There's a tired old joke that's been circulating through this country's office cubicles for decades, usually accompanied by a rough sketch of a white collar toadstool sitting at a desk. The worker spore laments, "I must be a mushroom; why else would they keep me in the dark and feed me nothing but BS?"
I've thought about that trite piece of humor often in recent weeks. It really does seem like as a nation we have been morphed into mushrooms, kept in the dark about what's going on and fed a steady diet of misinformation calculated to scare us into "staying the course".
What's frightening is that this year's election is the most important of our lives. Mushroom Nation better start demanding more sunlight and a healthier menu or we're going to set a new low record for voter turn out. As we undertake to "bring democracy to the Middle East," the example we set in our own election will communicate a whole lot more to the Islamic world about democracy-in-action than any high-blown preaching about it ever could.
Mushroom Nation gets the government it deserves. None of us has to settle for the shallow, empty quality of the presidential campaign so far. We can't be kept in the dark and lied to ... unless we allow it to happen. As free citizens, it's our responsibility to demand that candidates start addressing the issues that concern us.
We have to tell the media, through letters, the Internet and phone calls that this dreadful fascination with petty bickering is not what we expected when we asked for better campaign coverage. To explain how this campaign went so badly so fast, we need to retrace our steps back to the start of the mess and determine who actually benefits from this kind of low-road campaign.
Who we find there, of course, up to his neck in the infamous "Swift Boat ads" muck that set the tone for this downward spiral, is Karl Rove, the brains behind the Bush campaign. From the moment the Democrats settled on John Kerry early on the night of the Iowa Caucuses, Rove must have been sharpening his blades in anticipation, preparing for the dirty tricks that everyone knew were coming (there are always dirty tricks when Karl Rove is orchestrating a campaign) but that still caught the Democrats flat-footed.
And when the response from the Democratic camp was to point out the enormous mountain of chutzpah it takes for an administration made up of draft avoiders to criticize the war record of a man who volunteered for war duty—twice—and who was wounded for his efforts, well that just made matters worse.

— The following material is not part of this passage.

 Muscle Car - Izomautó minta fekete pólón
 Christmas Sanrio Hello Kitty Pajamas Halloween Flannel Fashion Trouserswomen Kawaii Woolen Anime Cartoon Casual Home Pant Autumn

That is also the consequence of the seemingly endless delving into old Pentagon files for George W. Bush's minuscule Texas Air National Guard records and the haggling over their authenticity.
Every time the Democrats think they are landing a killer punch they are only prolonging the agony. To Rove and his strategists, it truly doesn't matter what the truth is or was. Their concern is the bickering. That's what they want to see happen, for the basic, rock-bottom principle in the Karl Rove campaign manual is to make sure that voter turn-out is low. The lower the better.
Through years of practice, Rove has determined that the surest way to turn off voters is to cultivate the impression that both sets of candidates are quarrelsome exaggerators, stretchers of the truth and congenital liars who shouldn't be trusted within five miles of the national steering wheel.
He's got the process of turning-off voters down to a science. He's had to, given the fact that his party has for 70 years been the choice of a clear minority of the registered voters in this country. Yet they manage to win regularly. Hell, right now they control both houses of Congress, the presidency and the Supreme Court ... and registered Democrats outnumber them by a sizeable margin.
How do they do it? By suckering the Democrats into expending energy squabbling over silly sideshow stuff; stuff like trying to get Ralph Nader off the ballot or going to court over voter identification or Dan Rather's objectivity. It makes no difference whatever to this strategy which way the court battles are decided or if Dan Rather has actual photos of George W. Bush skipping National Guard meetings or whatever.
All that matters is that voters ask themselves: You don't really want to waste time voting for this mess, do you?
Once that seed germinates, millions of potential voters will find lots of reasons to stay home on Nov. 2. "A pox on all their houses" is the rallying cry of the Karl Rove school of electoral politics. "You've got better things to do than to try to figure out which one of these two bickering loudmouths is telling the truth ... or if either of them is. Just stay home."
Every poll on the subject shows that American voters hate negative campaigning.
So then, why do these presidential campaigns always degenerate into negativism?
Because negative campaigning works.
It depresses turnout; levels the playing field.
If turnout is high, the Democrats will win. It's simple, really. You want to stop being treated like a mushroom? Get out of that basement, shake off the BS and go vote.